Текущая страница: 4 (всего у книги 17 страниц) [доступный отрывок для чтения: 7 страниц]
– Да ить чего в ней интересного, в службе-то той? Одна маята да тягость. Это хорошо ещё, что я не все двадцать годочков отслужил, а всего лишь десять.
– Поведай, Ефим. Не скупись. Очень мы интерес имеем послухать про твою службу и кавказскую войну, – попросили Ефима и остальные.
– А чего ж и не поведать. Слухайте.
И Ефим стал рассказывать: «Было это в 1830 году. Приехал в нашу волость нарочный с повелением забрить в рекруты молодых парней, которые по возрасту, значитца, в солдаты годные.
Ну, пал жребий и на наш двор. А мне до полного возраста ещё одного годка не хватало.

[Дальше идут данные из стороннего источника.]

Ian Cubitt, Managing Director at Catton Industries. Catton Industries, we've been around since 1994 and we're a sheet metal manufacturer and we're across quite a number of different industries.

А старшему брату Митяю в самую пору.
Однако успел Митяй к тому времени обзавестись женой и парой ребятёнков. Куды ж ему такому на службу? А дитёв кто кормить будет? Ну и говорит мне батя, что так, мол, и так, Ефим, пострадай за всё семейство наше. Возьми тягость армейскую за брательника свово Митяя. А мне щё, я молодой был, глупый. Да и скушно мне было в деревне, землю хотелось посмотреть. Вот я и говорю: «Нехай Митяй семейство своё прокармливает, а я не против на службу идтить». После того погуливали мы как полагается, да и увезли меня в далёкий город Царицын, что на Волге-реке.
Там в былые годы Емелька Пугачёв озоровал да волю казачкам требовал.

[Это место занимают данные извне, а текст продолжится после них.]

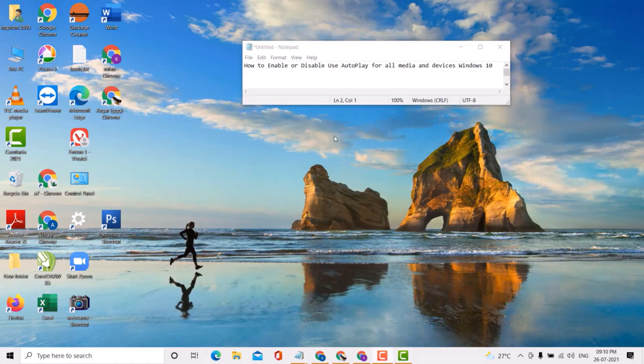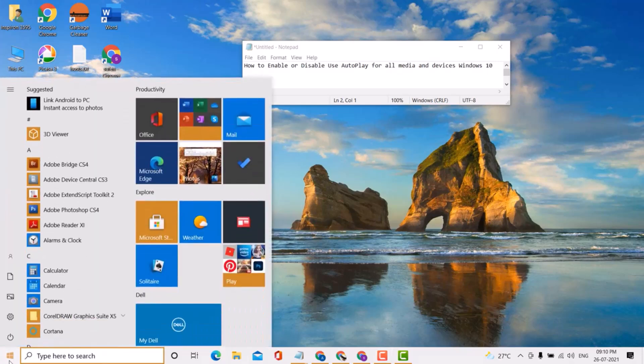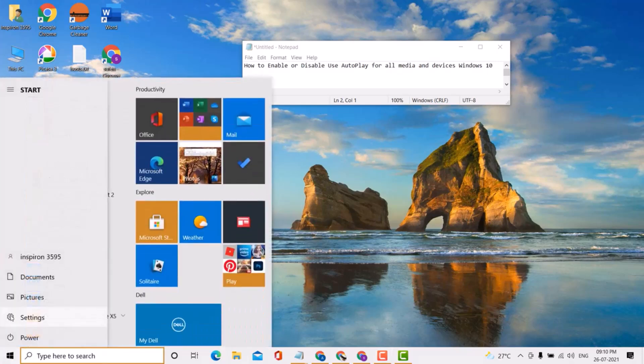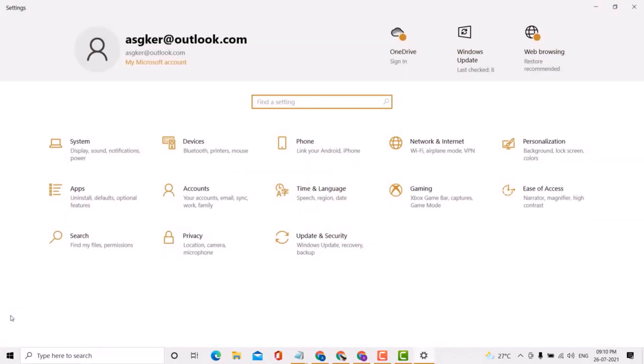This is very easy. First, click on Start, click on Settings, then click on Devices.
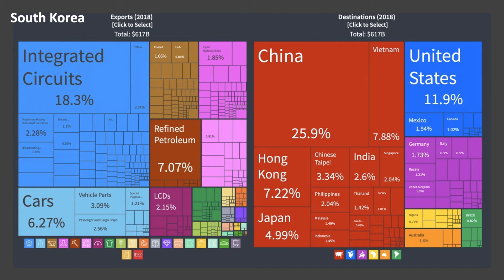The more squares there are, the more industries in which South Korea has significant export potential. You can see that the vast majority of those exports go to China, the Far East Asia region, and the United States — relatively little, in fact, to the European Union.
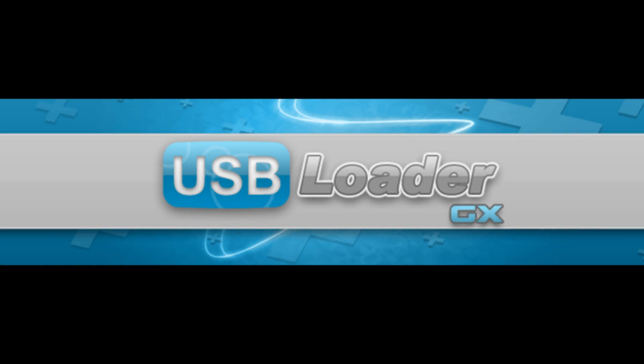You can also dump your own games on your actual Wii console using USB Loader GX.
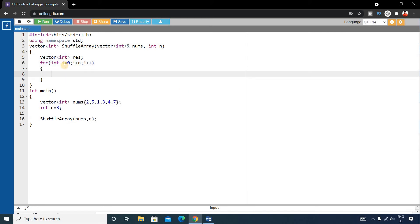Since n is 3, the loop runs three iterations. For i=0, we store 2 and 3. For i=1, we store 5 and 4. For i=2, we store 1 and 7. All results are pushed into the result vector.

Определили меня в учебные батареи по артиллерийской части.
Всё бы ничего, но муштра дикая. Унижениев всяких и лишениев натерпелся я вдоволь. Да и унтер-офицер попался, что не приведи господь. Зверь-зверем. Сопатки нам кровенил и по делу и за просто так, из интересу. До того уж ему это самое дело по душе было.

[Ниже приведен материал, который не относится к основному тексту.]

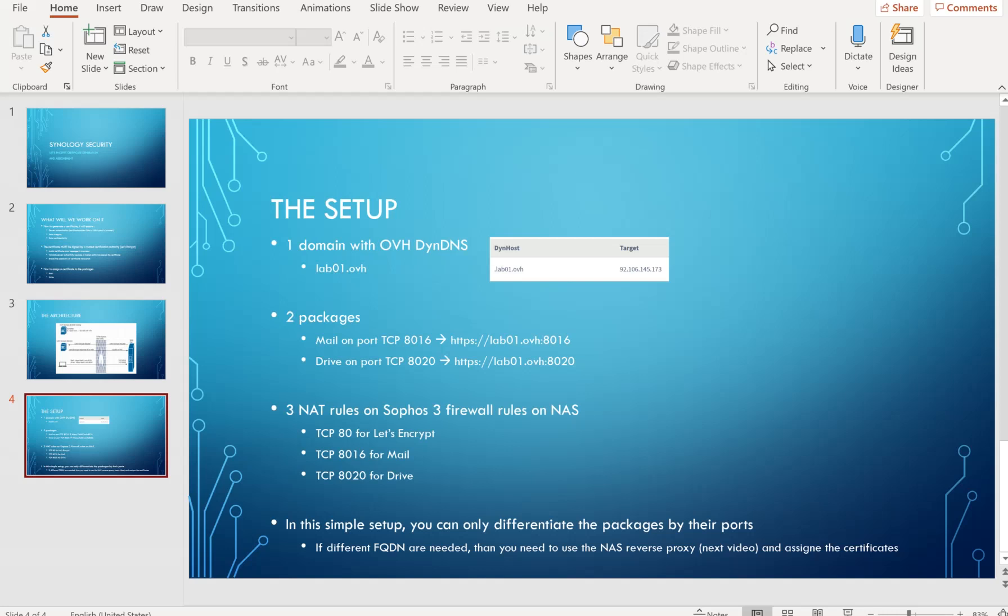In this simple setup, you can only differentiate the packages by their ports. If you'd like to have an entry called mail.lab01.ovh or drive.lab01.ovh without specifying ports, this is possible but not in this simple case. I'm going to make this for you in my next video where we use the Synology NAS reverse proxy and assign the certificate to the fully qualified domain names so you can have different FQDNs if necessary.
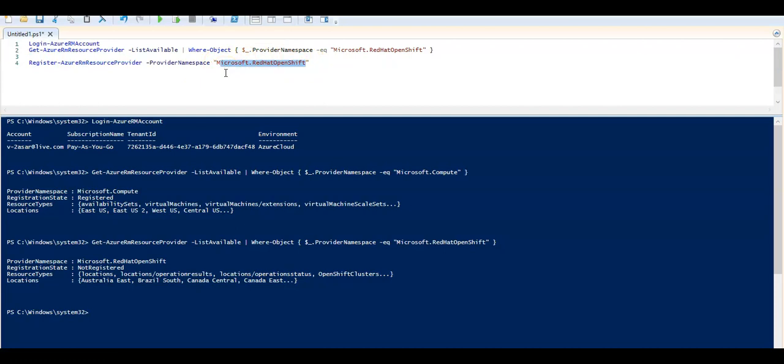So this is how you register the resource providers using the portal, CLI, and PowerShell. I hope you liked it. If you have any queries, please mention them in the comment section. I will see you guys in the next video. Thank you. Have a good day.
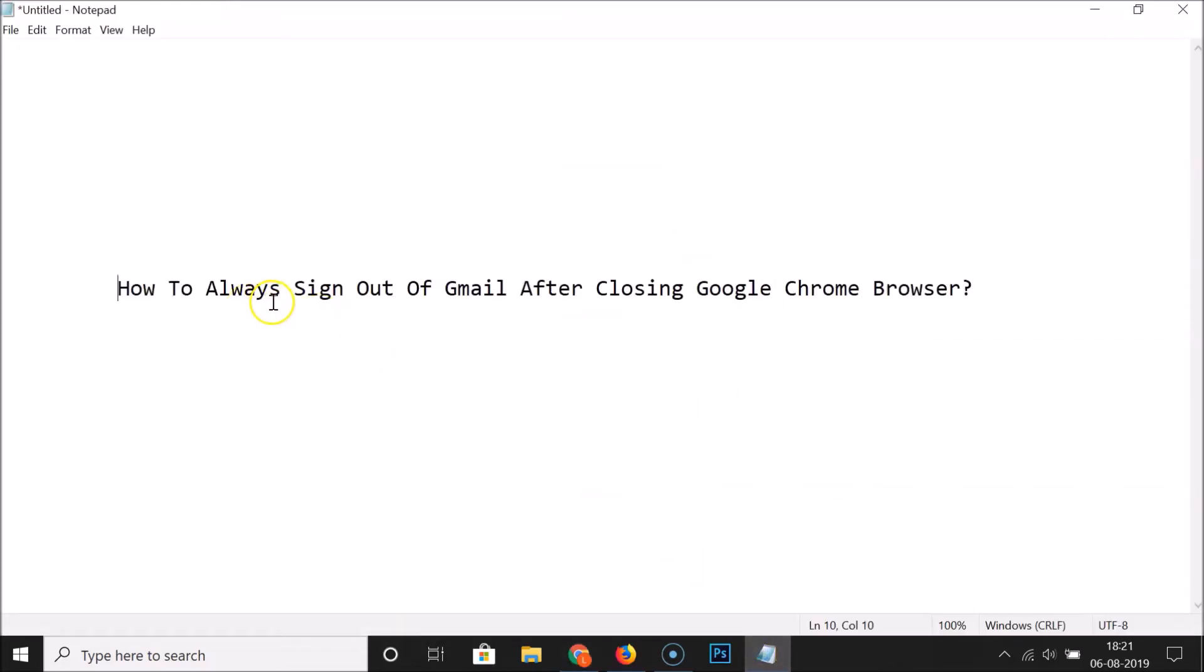So guys, that's it. In this way, you can easily always sign out of Gmail after closing Google Chrome browser. That's it. Thanks for watching. If you like my videos, please support this channel by subscribing to it. Thanks, bye.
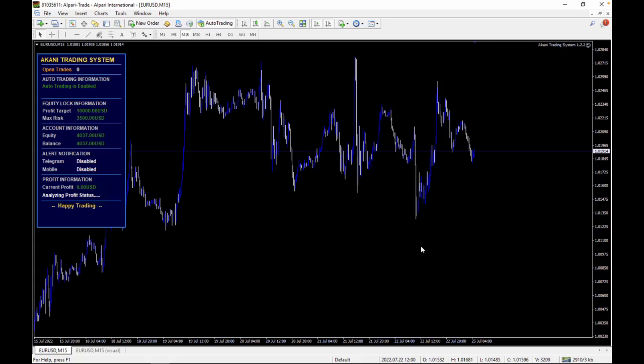Welcome to another exciting video on Trading Canal. We are excited to announce that we've just released version 1.2.2 of the Akani Trading System. This is a much-anticipated version that comes with a new strategy and lots of other exciting features that we're going to be talking about. Let's get started.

Ну а мы, ясное дело, терпели. А куды попрёшь?
Так случилось, что через год, как я прибыл на службу, утонул тот самый унтер в отхожем месте. По пьяному делу утонул. Ну а командование следствие учинило, что да как? Не мог, мол, такой исправный служака, да ещё по пьяному делу, в отхожем месте лютую смерть принять».
Тут Ефим невольно усмехнулся, а я подумал, что не прост дядька Ефим. Ох, не прост. Не иначе как помогал он тому унтеру в дерьме окунаться.
Меж тем Болдырев продолжал: «Цельных три месяца длилось следствие. И три месяца с нас тянули жилы. Кто да что? А чего с нас взять? Никак нет, не могу знать. Так ничего и не выпытали.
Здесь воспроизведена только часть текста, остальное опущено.